■ Task requirements: Look below for the line with "Pendas Way, Leeds, West Yorkshire, LS15" and the line with "Sprite Zero Cranberry Soda 2L Bottle". Copy exactly those two lines and every line between, but not the pictures.

■ Record set:
————————

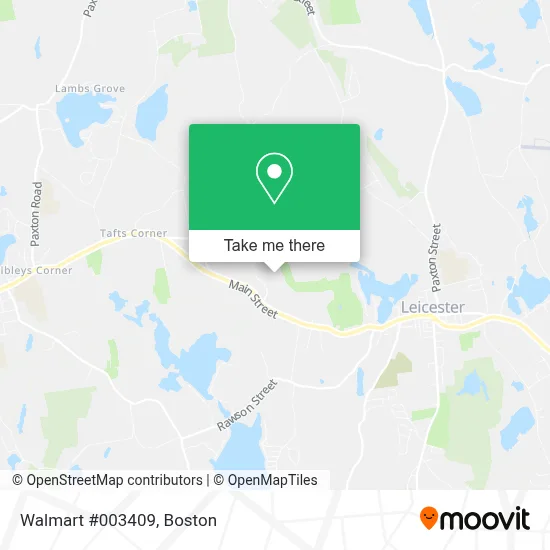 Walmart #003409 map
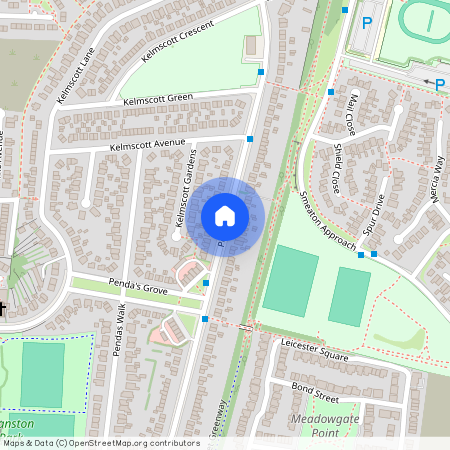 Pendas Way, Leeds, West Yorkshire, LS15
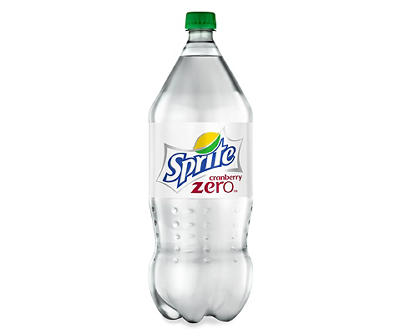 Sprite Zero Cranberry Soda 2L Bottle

————————

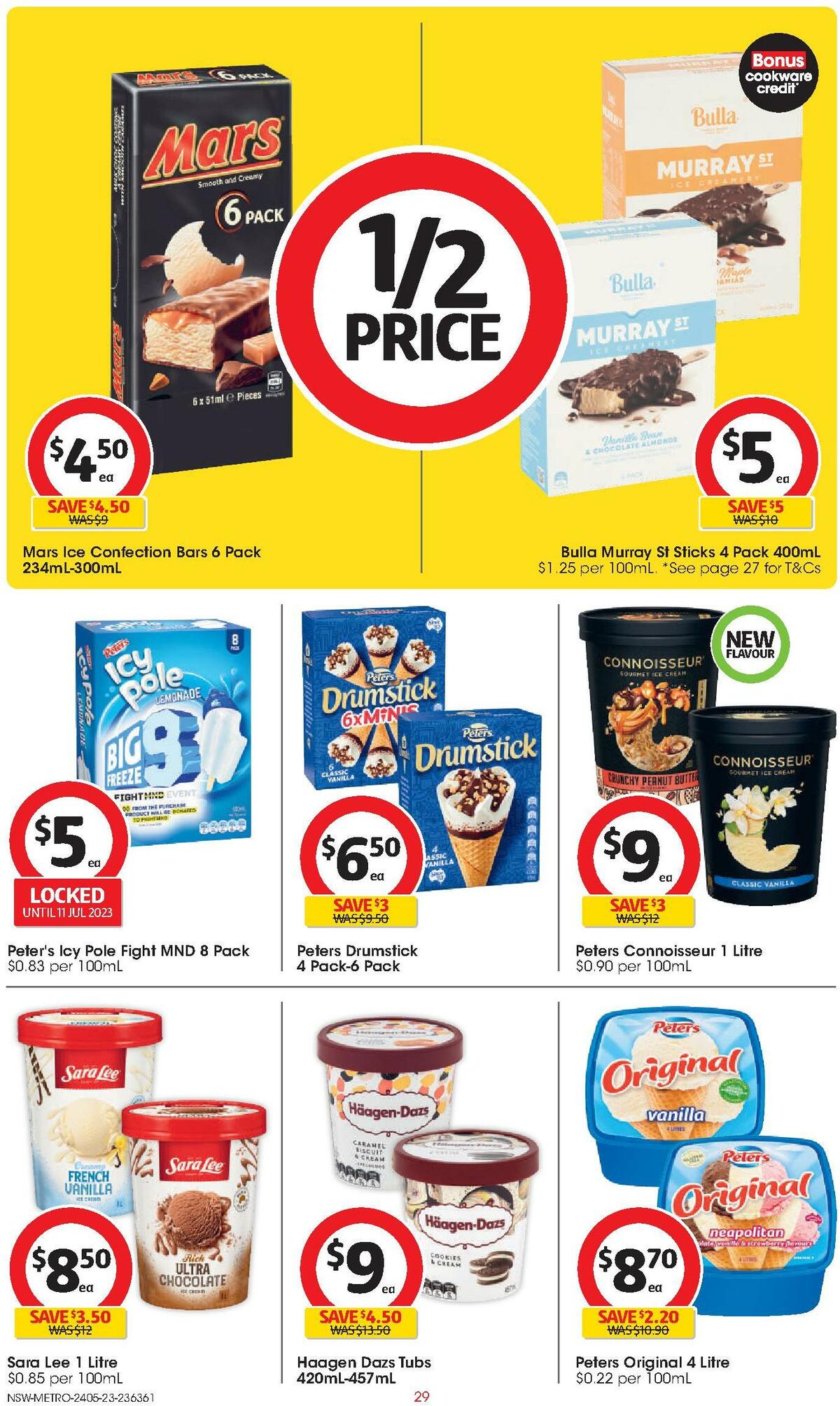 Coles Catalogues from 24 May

————————

■ Response to this exercise:
 Pendas Way, Leeds, West Yorkshire, LS15
 Sprite Zero Cranberry Soda 2L Bottle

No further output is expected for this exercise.